»»

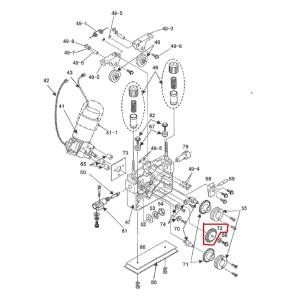 パナソニック(Panasonic) CO2/MAG溶接機用駆動ギヤ(組) MDR00032｜santec1949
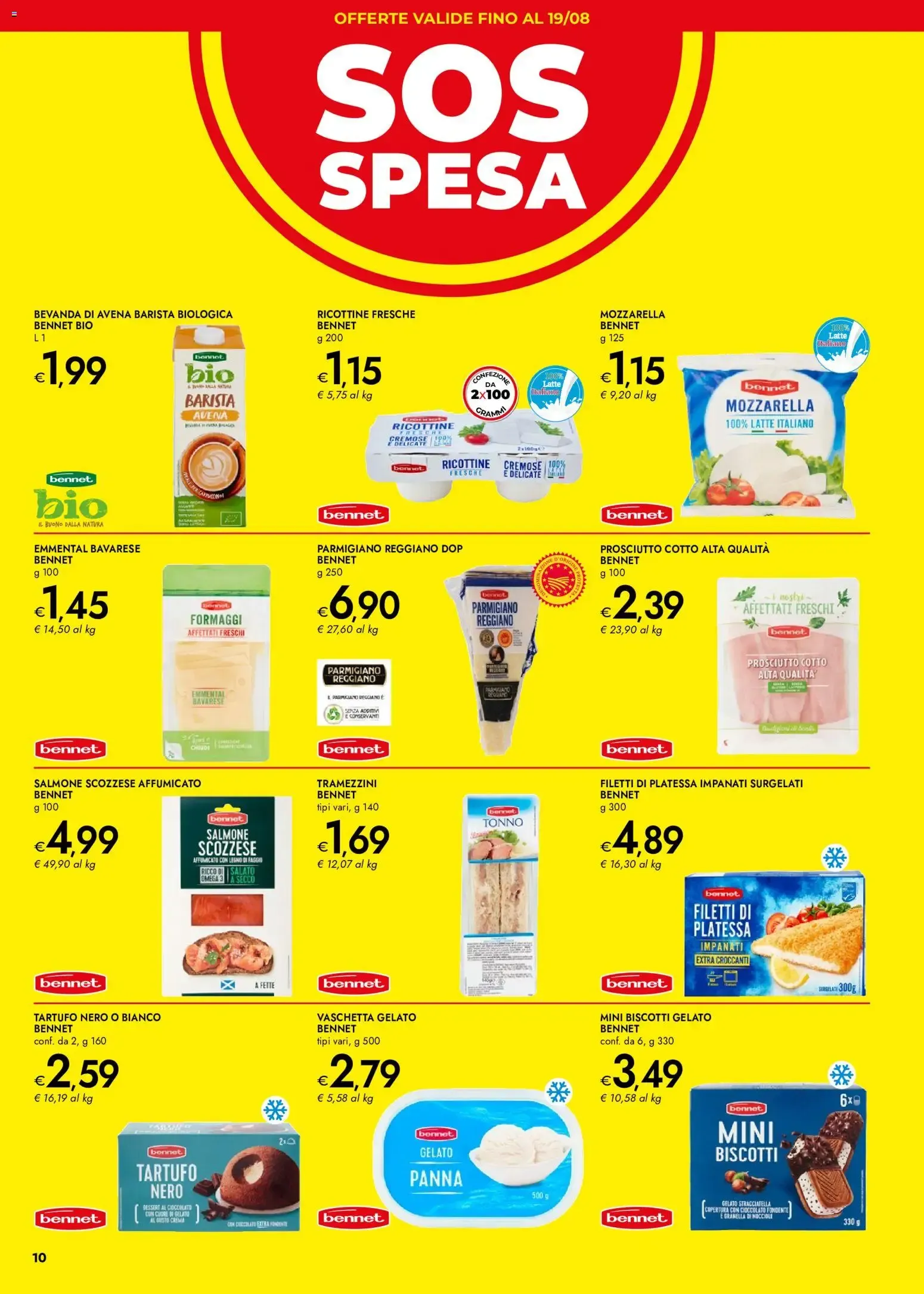 Nuovo bennet volantino Offerte Top dal 25/06/2026 > offerte anteprima 🛍️ da 25 giugno a 8 luglio di 2026 - Pagina del volantino 10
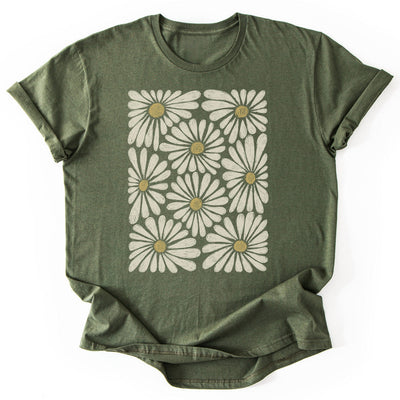 Daisy Dreamscape T-Shirt - Nature Graphic Tee - Gift for Nature Lovers - Unisex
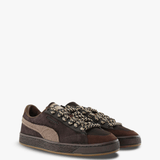 Brown shoes, front view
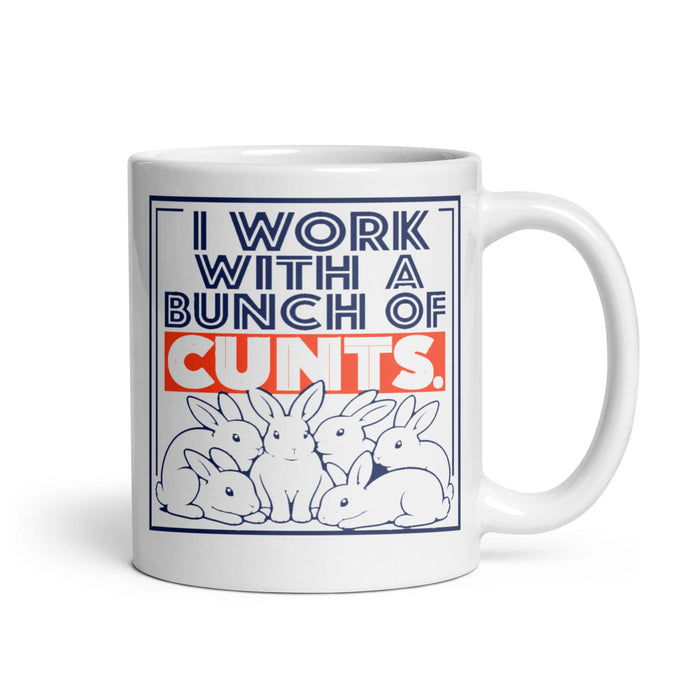 I WORK WITH A BUNCH OF CUNTS.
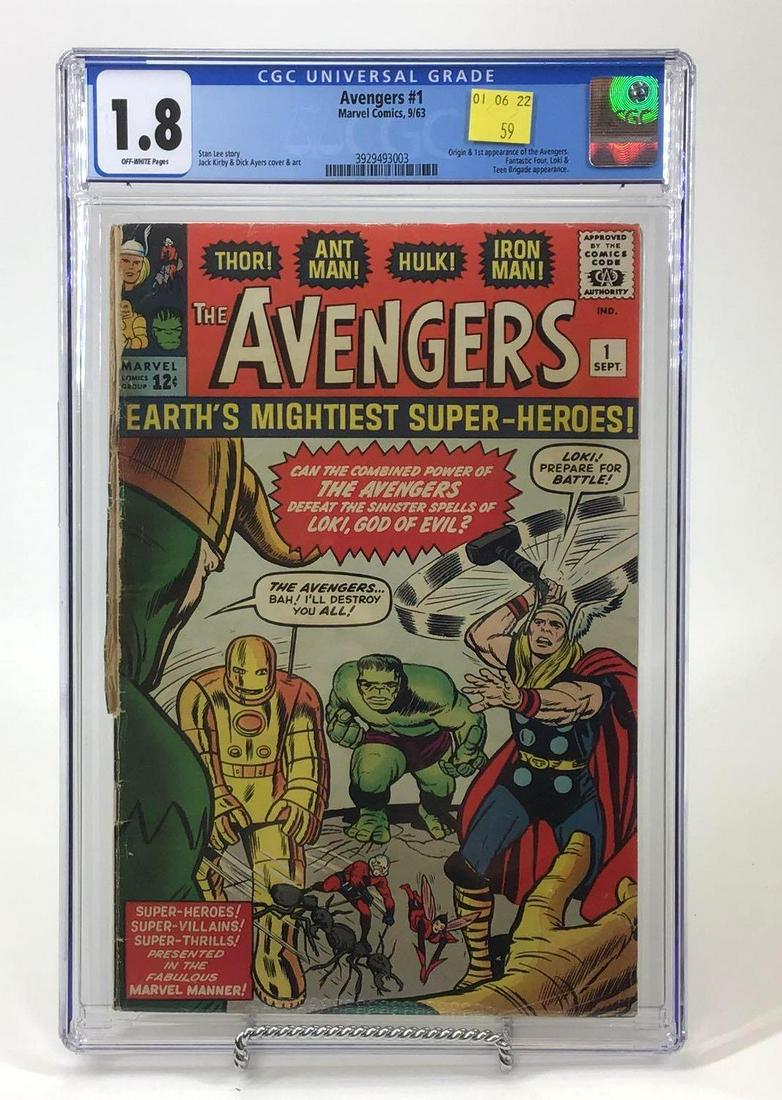 Avengers #1 CGC 1.8, 1st App. Avengers (1 of 3)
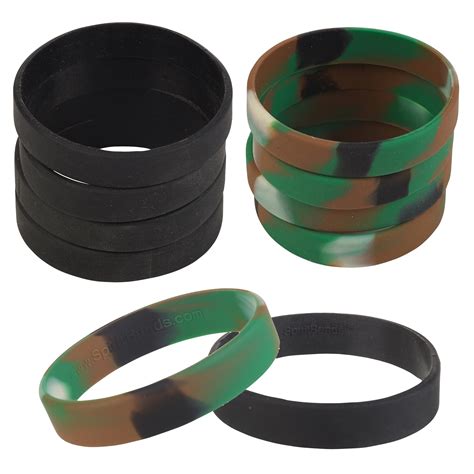 silicone wristbands plain rubber fashion bands bracelets unisex  size solid ebay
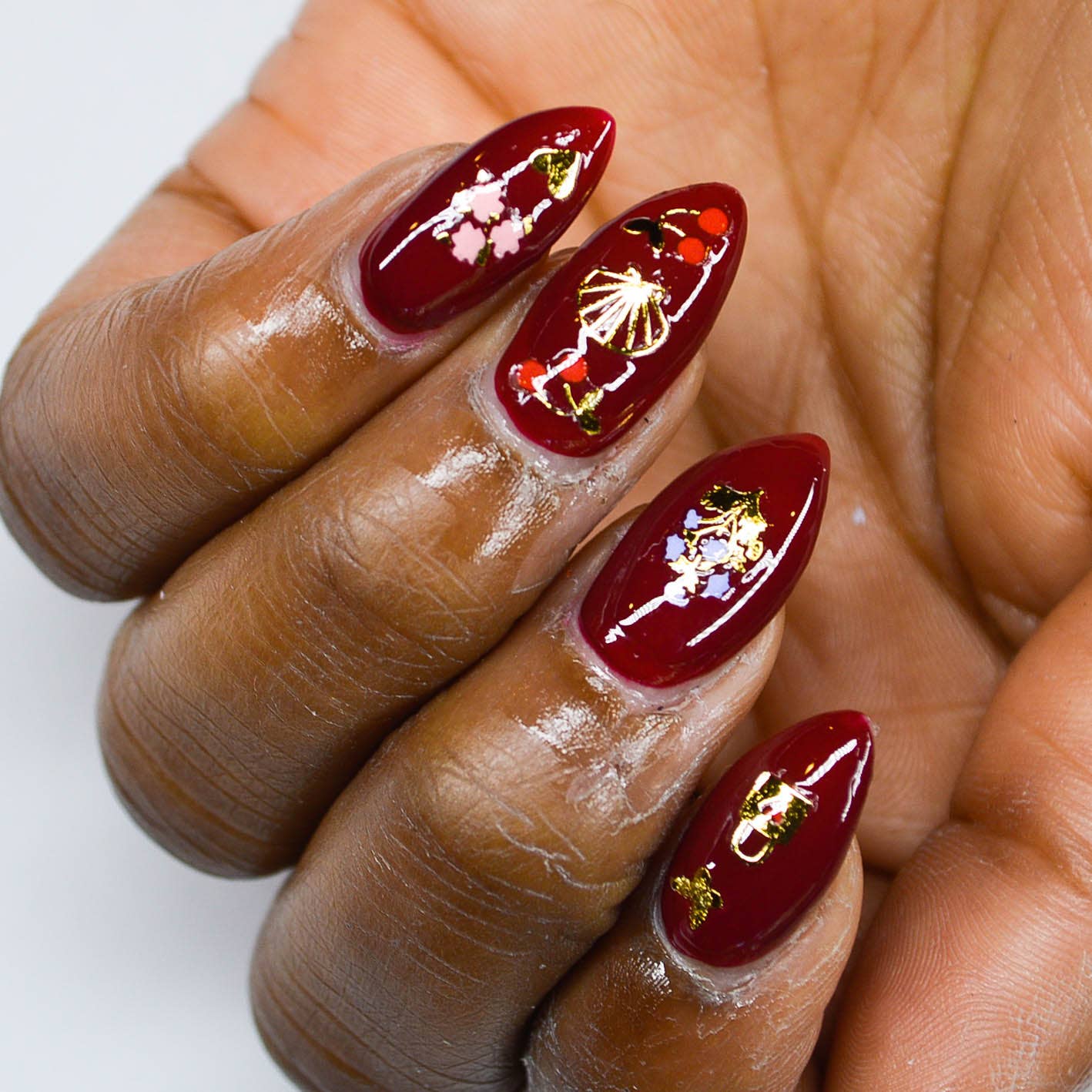 Mon Cheri Nail Art Stickers - Premium Self-Adhesive Nail Decals for Women | Perfect for Parties, Weddings, and Everyday Nail Designs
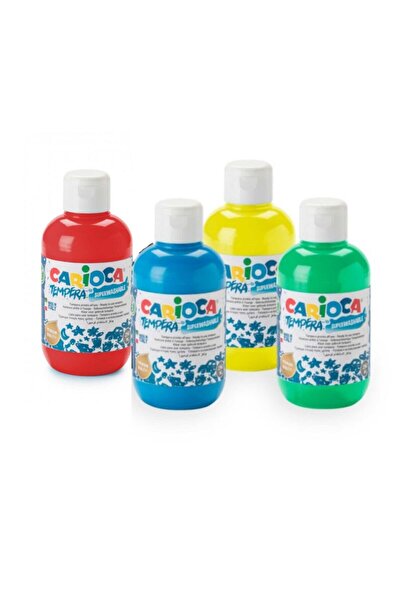 CARIOCA Yıkanabilir Sulu Boya 4 Ana Renk 250 Ml 250x4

««

**Work order:** Quote the material above exactly, from the line holding "Avengers #1 CGC" through its last line, including both. Omit the pictures.

**Result of the exercise:**
 Avengers #1 CGC 1.8, 1st App. Avengers (1 of 3)
 silicone wristbands plain rubber fashion bands bracelets unisex  size solid ebay
 Mon Cheri Nail Art Stickers - Premium Self-Adhesive Nail Decals for Women | Perfect for Parties, Weddings, and Everyday Nail Designs
 CARIOCA Yıkanabilir Sulu Boya 4 Ana Renk 250 Ml 250x4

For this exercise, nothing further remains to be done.